LA LÉGENDE EST EN MARCHE
Qui ne connait, au moins de nom, José Doroteo Arango Arámbula, alias Francisco Villa, plus communément populaire en France sous son diminutif de
Pancho Villa ? Des récits, biographies, romans, films, documentaires innombrables ont été rédigés, créés, tournés sur et autour de ce personnage haut en couleur de la longue, baroque et douloureuse "Révolution Mexicaine".

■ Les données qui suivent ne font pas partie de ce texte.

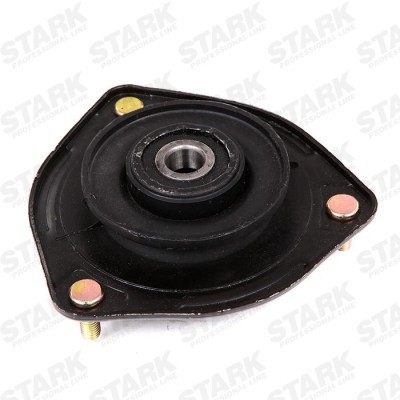 Strut Support Bearing Front Stark SKSS-0670016 SKSS-0670016 - photo 3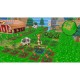 Видео игра за Switch Just For Games Harvest Moon: The Lost Valley & Skytree Village Collector'S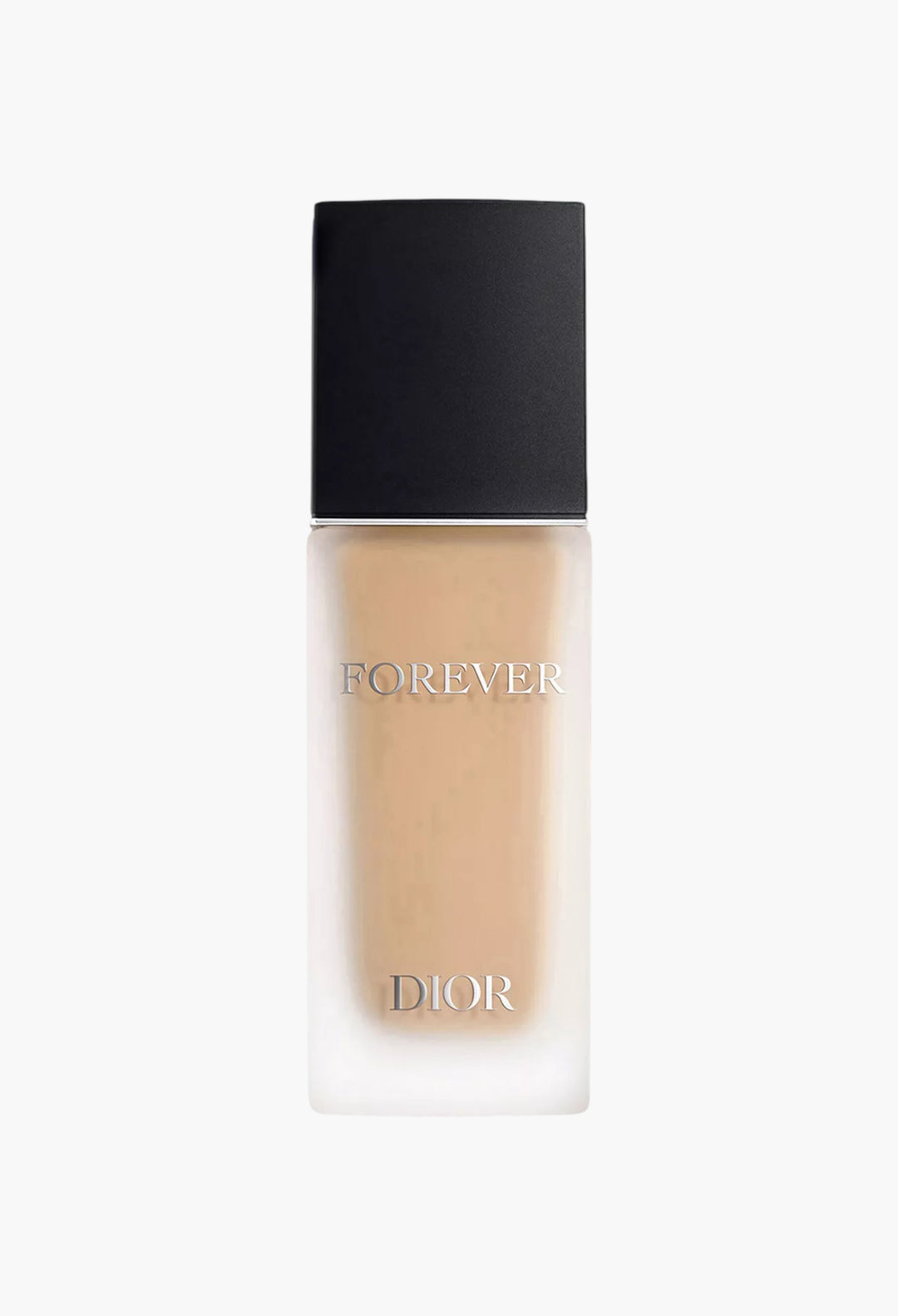 Forever Matte SPF15 Foundation 30ml - GLAM MODA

Orphelin à l'âge de 12 ans, il fait vivre sa famille en devenant "bandido", n'hésitant pas à tuer s'il le faut, mais en se faisant une réputation d'homme à abattre parmi les grands propriétaires terriens en volant leur bétail ou leurs récoltes. Partageant une partie de ses rapines avec les paysans pauvres et des villageois exploités, il se fait rapidement une réputation de Robin des bois, mais n'en demeure pas moins, avant tout, un hors-la-loi dans cette première partie de sa vie. Cependant, la légende est en marche. Mais c'est la Révolution Mexicaine - lancée par Francisco I. Madero, enfermé par le dictateur Porfiro Diaz à l'occasion de pseudo élections et qui s'était réfugié aux USA- qui va offrir une sorte de virginité à
Pancho Villa, tout autant qu'un véritable destin national. Devenu très vite chef de guerre, à la suite de coups d'éclats aussi improbables que réussis, il va même pour un temps diriger la province de Chihuahua.
Lorsque
John Reed, encore jeune journaliste et futur auteur du célèbre
Dix jours qui ébranlèrent le monde - le récit de "sa" Révolution russe d'Octobre 1917 vécue de l'intérieur, puisqu'il se retrouva même les armes à la main, du côté des révolutionnaires- rencontre Villa en 1913, nous en sommes à peu près là. Et c'est le portrait d'un personnage haut en couleur qu'il nous dresse, un ancien "peon" ayant su s'élever, rusé mais sans véritable malice, violent mais sans méchanceté gratuite, affable mais jusqu'à un certain point, plaçant le sens de l'amitié plus haut que tout le reste - parfois en dépit de la justice et du bon sens -, ne manquant pas d'idéaux sans avoir pour autant d'idéologie, rompu à l'art de diriger les hommes, mais pas forcément de les gouverner, presque inculte (il mettra à profit six mois d'emprisonnement sous Huerta, futur assassin du président Madero auquel Villa était resté fidèle) mais ne manquant ni d'intelligence pratique, ni de culot, ni de bon sens.
Sans céder à une sorte de romantisme facile et factice, ne passant pas sous silence les excès ou les exactions de certains de ses fidèles voire les siennes propres, ou même les manières très personnelles de mener la révolution,
John Reed nous délivre une réplique pour le moins fidèle d'un personnage complexe derrière des goûts et des rêves simples, attachant malgré ses outrances et ses crimes, et participa, de ce fait, à l'élévation de ce militaire de fortune comme personnage historique mondialement connu et, plus tard, très largement romantisé, sa fin tragique en 1923 - un pur assassinat politique - y contribuant.
Ces quelques pages -tirées en réalité d'un ouvrage plus important de
John Reed titré
le Mexique insurgé - sont donc un témoignage de première main pour qui veut lever le voile sur cet homme surnommé
Pancho Villa, et pour cela méritent largement une lecture attentive et curieuse.